_What you have to do_: From the line that contains "Jak zrobić owsiankę" through the line that contains "Used 2024 Hyundai Elantra SEL", output every line of the listing below exactly and leave out all the rest.
BEGIN Data in this exercise
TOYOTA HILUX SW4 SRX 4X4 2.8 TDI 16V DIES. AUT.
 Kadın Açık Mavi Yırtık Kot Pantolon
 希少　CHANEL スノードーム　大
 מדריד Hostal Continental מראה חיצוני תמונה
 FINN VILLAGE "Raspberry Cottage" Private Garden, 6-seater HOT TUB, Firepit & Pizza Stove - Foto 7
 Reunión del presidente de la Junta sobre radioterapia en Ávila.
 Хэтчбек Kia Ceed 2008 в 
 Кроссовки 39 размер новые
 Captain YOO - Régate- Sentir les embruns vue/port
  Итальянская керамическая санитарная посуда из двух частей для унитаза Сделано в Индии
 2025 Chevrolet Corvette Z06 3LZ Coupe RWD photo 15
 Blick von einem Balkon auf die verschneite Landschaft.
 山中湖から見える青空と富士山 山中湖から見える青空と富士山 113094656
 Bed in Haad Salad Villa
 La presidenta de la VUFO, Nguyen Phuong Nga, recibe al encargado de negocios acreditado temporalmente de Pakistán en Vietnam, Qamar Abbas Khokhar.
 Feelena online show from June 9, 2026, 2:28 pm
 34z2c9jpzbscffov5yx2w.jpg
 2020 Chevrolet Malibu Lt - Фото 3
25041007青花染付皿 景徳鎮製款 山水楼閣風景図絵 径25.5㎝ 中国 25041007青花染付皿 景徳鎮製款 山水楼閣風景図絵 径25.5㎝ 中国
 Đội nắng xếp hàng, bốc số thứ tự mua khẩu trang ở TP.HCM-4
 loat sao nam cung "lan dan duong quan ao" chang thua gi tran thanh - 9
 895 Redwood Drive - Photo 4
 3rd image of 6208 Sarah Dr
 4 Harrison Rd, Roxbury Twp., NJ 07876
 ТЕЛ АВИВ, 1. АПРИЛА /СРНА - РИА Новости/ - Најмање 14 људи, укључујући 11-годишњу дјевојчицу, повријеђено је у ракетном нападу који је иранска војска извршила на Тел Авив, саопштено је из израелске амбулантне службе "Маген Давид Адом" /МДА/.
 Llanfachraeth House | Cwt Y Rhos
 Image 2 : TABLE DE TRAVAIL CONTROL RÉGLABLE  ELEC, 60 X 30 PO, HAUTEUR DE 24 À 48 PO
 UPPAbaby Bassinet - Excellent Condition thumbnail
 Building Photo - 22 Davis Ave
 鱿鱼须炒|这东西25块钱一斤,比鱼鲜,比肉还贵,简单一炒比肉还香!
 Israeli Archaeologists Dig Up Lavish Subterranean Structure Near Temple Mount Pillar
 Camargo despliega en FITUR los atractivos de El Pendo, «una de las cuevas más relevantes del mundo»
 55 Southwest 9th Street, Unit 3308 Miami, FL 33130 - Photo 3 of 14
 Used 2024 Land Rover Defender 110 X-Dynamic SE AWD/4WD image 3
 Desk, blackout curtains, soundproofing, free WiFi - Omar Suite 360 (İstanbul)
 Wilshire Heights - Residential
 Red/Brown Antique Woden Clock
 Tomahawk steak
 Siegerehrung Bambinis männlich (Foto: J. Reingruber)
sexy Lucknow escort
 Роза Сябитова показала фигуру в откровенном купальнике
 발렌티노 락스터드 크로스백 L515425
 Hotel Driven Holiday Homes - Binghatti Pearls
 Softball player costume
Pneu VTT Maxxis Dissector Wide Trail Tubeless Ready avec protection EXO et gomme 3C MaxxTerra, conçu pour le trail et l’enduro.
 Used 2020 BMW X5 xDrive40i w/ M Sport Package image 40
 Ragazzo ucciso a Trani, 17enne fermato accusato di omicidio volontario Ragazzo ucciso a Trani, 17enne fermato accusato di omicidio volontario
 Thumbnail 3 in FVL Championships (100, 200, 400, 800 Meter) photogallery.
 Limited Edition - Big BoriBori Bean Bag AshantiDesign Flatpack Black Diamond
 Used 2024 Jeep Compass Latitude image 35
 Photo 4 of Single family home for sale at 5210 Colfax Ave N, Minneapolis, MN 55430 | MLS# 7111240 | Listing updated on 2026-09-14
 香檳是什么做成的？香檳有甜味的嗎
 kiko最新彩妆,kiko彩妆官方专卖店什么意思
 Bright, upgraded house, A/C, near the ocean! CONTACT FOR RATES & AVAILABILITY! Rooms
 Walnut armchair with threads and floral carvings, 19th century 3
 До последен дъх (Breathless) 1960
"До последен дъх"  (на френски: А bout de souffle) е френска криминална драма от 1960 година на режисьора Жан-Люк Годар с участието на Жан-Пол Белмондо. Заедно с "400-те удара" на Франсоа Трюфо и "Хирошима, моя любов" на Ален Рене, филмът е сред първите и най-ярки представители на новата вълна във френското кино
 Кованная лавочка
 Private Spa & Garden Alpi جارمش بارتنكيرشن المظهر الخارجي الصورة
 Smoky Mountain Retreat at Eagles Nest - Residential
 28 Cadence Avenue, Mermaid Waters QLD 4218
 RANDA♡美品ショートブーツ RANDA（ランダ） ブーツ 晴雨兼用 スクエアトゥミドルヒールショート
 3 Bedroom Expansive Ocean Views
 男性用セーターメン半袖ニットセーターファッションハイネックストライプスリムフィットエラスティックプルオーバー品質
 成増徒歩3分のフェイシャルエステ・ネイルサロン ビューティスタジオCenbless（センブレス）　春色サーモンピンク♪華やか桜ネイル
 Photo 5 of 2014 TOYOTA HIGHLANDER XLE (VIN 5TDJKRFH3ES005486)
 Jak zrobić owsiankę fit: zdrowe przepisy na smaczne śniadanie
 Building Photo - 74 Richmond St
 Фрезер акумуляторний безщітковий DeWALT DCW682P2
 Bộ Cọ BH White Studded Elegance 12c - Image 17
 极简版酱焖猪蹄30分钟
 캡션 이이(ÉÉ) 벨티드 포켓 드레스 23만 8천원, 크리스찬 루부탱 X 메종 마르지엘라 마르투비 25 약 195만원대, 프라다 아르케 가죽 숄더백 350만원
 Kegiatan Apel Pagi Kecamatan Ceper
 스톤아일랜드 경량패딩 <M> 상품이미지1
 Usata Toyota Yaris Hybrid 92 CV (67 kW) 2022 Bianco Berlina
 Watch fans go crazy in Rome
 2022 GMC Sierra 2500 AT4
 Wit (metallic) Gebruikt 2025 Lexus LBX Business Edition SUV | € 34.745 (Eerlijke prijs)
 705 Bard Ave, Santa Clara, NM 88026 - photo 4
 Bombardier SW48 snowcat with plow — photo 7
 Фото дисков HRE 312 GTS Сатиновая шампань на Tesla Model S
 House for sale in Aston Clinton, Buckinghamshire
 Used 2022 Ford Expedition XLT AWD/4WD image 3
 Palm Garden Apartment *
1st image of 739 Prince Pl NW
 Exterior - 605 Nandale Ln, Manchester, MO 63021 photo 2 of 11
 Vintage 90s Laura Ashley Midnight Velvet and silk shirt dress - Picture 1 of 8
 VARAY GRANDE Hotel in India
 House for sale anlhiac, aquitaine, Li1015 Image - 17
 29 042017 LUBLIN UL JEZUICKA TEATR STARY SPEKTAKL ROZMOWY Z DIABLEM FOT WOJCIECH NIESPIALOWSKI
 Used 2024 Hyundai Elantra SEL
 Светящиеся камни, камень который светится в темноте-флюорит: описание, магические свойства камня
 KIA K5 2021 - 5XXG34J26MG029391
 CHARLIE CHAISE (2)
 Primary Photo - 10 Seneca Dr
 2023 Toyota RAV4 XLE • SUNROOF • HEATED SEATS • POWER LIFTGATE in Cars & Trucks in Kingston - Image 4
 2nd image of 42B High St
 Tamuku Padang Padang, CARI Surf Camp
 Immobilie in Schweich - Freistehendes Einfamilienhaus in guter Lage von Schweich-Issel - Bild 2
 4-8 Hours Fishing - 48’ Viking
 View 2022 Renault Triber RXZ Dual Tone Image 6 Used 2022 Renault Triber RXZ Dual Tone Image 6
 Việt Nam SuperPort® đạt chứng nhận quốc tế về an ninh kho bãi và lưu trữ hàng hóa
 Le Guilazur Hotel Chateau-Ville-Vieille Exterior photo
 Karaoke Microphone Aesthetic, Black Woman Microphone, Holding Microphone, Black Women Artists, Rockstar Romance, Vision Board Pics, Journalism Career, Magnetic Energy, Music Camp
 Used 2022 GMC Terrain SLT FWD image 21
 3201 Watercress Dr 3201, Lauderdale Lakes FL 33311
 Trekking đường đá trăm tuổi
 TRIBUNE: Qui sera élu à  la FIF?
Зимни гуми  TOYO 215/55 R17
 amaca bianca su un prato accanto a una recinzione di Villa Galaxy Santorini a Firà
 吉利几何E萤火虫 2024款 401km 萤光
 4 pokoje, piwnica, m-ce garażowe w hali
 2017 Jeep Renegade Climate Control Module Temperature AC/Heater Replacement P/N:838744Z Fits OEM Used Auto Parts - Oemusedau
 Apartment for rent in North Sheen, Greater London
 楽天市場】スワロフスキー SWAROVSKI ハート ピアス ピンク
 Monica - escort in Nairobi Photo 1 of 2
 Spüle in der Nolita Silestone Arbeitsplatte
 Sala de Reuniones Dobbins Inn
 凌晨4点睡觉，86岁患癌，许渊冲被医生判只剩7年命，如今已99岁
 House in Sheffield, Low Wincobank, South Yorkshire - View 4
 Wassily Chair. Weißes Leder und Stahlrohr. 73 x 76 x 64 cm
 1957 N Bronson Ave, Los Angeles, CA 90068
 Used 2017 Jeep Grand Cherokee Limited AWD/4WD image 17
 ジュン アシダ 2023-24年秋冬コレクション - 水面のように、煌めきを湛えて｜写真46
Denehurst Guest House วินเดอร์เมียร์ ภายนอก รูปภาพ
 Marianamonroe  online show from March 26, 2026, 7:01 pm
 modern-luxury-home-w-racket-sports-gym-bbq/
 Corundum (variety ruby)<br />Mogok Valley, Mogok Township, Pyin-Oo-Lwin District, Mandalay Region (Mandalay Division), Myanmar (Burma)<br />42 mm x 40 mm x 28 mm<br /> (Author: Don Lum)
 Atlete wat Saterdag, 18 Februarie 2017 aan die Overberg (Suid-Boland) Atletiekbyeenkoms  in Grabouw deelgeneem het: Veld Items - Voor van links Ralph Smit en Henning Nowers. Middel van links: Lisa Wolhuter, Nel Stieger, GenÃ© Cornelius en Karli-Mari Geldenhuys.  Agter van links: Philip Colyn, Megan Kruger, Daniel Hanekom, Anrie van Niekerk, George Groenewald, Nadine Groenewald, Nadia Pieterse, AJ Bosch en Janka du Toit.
END Data in this exercise
_Reply to the exercise_:
 Jak zrobić owsiankę fit: zdrowe przepisy na smaczne śniadanie
 Building Photo - 74 Richmond St
 Фрезер акумуляторний безщітковий DeWALT DCW682P2
 Bộ Cọ BH White Studded Elegance 12c - Image 17
 极简版酱焖猪蹄30分钟
 캡션 이이(ÉÉ) 벨티드 포켓 드레스 23만 8천원, 크리스찬 루부탱 X 메종 마르지엘라 마르투비 25 약 195만원대, 프라다 아르케 가죽 숄더백 350만원
 Kegiatan Apel Pagi Kecamatan Ceper
 스톤아일랜드 경량패딩 <M> 상품이미지1
 Usata Toyota Yaris Hybrid 92 CV (67 kW) 2022 Bianco Berlina
 Watch fans go crazy in Rome
 2022 GMC Sierra 2500 AT4
 Wit (metallic) Gebruikt 2025 Lexus LBX Business Edition SUV | € 34.745 (Eerlijke prijs)
 705 Bard Ave, Santa Clara, NM 88026 - photo 4
 Bombardier SW48 snowcat with plow — photo 7
 Фото дисков HRE 312 GTS Сатиновая шампань на Tesla Model S
 House for sale in Aston Clinton, Buckinghamshire
 Used 2022 Ford Expedition XLT AWD/4WD image 3
 Palm Garden Apartment *
1st image of 739 Prince Pl NW
 Exterior - 605 Nandale Ln, Manchester, MO 63021 photo 2 of 11
 Vintage 90s Laura Ashley Midnight Velvet and silk shirt dress - Picture 1 of 8
 VARAY GRANDE Hotel in India
 House for sale anlhiac, aquitaine, Li1015 Image - 17
 29 042017 LUBLIN UL JEZUICKA TEATR STARY SPEKTAKL ROZMOWY Z DIABLEM FOT WOJCIECH NIESPIALOWSKI
 Used 2024 Hyundai Elantra SEL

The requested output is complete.